As in the first rip, I didn’t apply or tried to connect and plan anything: I had to be in the place and take it from there. I could offer the excuse that the postal services and phone connections were not functioning in Lebanon, but I am the type who abhor planning in advance for critical decisions, except the most futile and irrelevant decisions.
I wrote about my experiences in my auto-biography, and this post is about my recurring harassing dreams.
The harassing part of these scenarios is that the various versions insist on blending the worst depressing and melancholic of events in both trips. My Lucid efforts to mix in a few refreshing stories are frequently overruled.
And the tackiest of all is that each version is shot as if I am back on a third, a fourth trip. And to do what?
Like I didn’t finish my dissertation and I’m trying to get rid of this burden once for all. It is not the kind of dissertations that if you read some more in the literature you can reach a closure. No, you have just a couple of short articles on the topic and the authors have admitted that they don’t know of a solution. And it is a mathematical problem for someone who is no mathematician, about optimizing stochastic demands for production. Don’t expect me to expound on these terms: I am in no mood for these craps.
I admit that I was not pleased with either my master’s thesis or my PhD dissertation and I feel that I didn’t get a closure academically.
Or like I am invited to give a lecture and I overstayed for a few nights, roaming these square blocks on the north side of the campus, and trying to discover anything new that replaced the older images. The post office is no longer for receiving hard copies and the friendly coffee shops were replaced by multinational franchises…
Or I’m biking at night going home and cannot recollect which apartment I’m living in: I moved so many times in all kinds of sleeping arrangements that I’m totally disoriented. And I’m thinking hard of any “friend” to visit in order to get my memory at ease…
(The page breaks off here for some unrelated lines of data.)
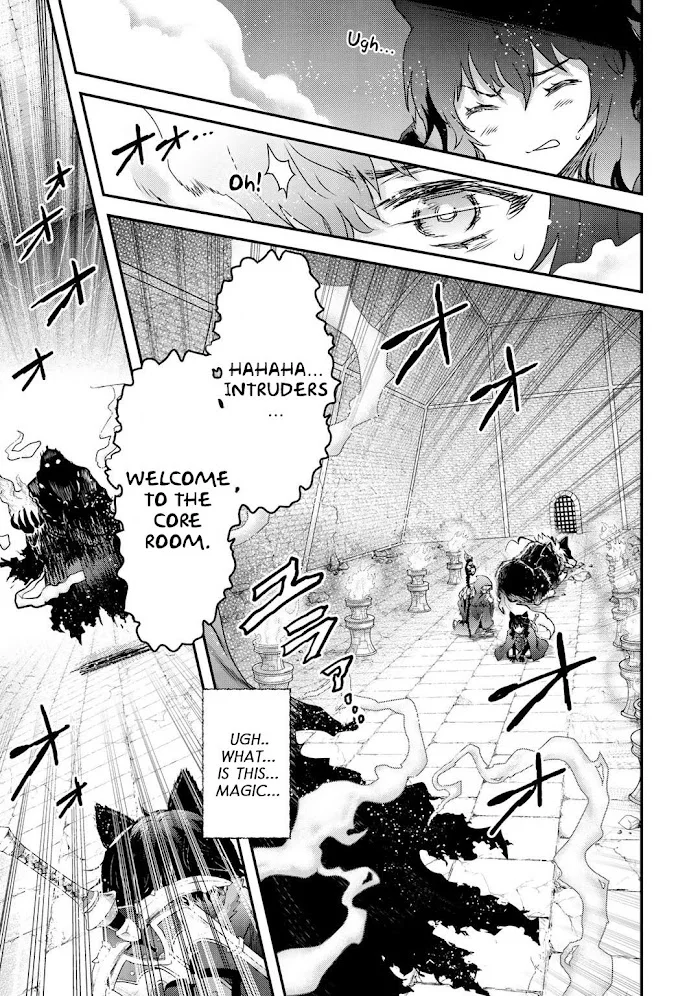 Tensei Shitara Ken Deshita - Chapter 35 Page 19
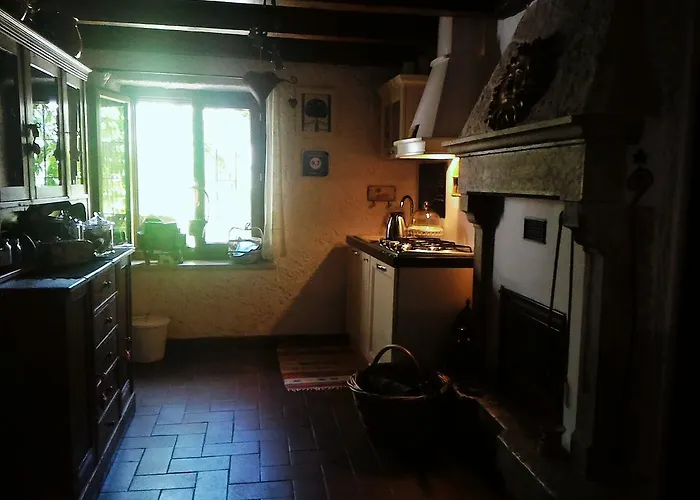 Bed and breakfast Antica Corte Panego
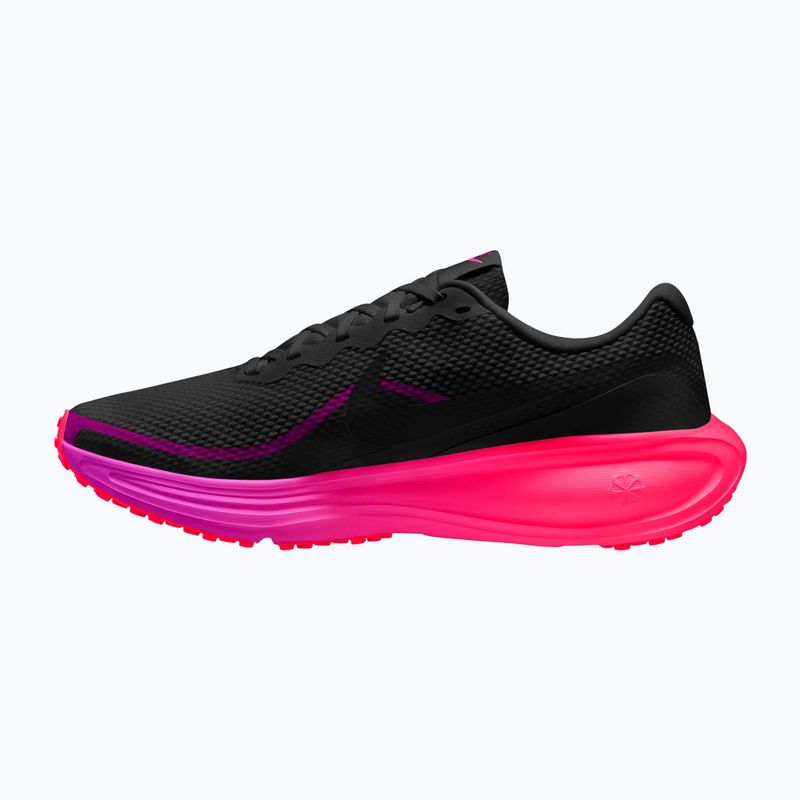 Moteriški bėgimo batai Nike Revolution 8 black/bright crimson/fuchsia blast/black 2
Or I’m wandering in this flat town and realizing that I have no cash, no checks and no credit cards. If I had a credit card I cannot remember the password: It has been so long that I lately used any of these financial facilities. And the only bank in town is not at a walking or even a biking distance. In the next version, I should open a branch of the bank on these stupid blocks.
There used to be “specialized” bars for singers and fans of Grateful Dead or Bob Marley… and I don’t see them in my dreams. Even the nude bar of Walter Mitty never appears in these dreams… And I know that my dream brain is pretty artistic and inventive, and I wish my dream brain would insert a few scenes of these bars and enjoy fully what I didn’t in real life.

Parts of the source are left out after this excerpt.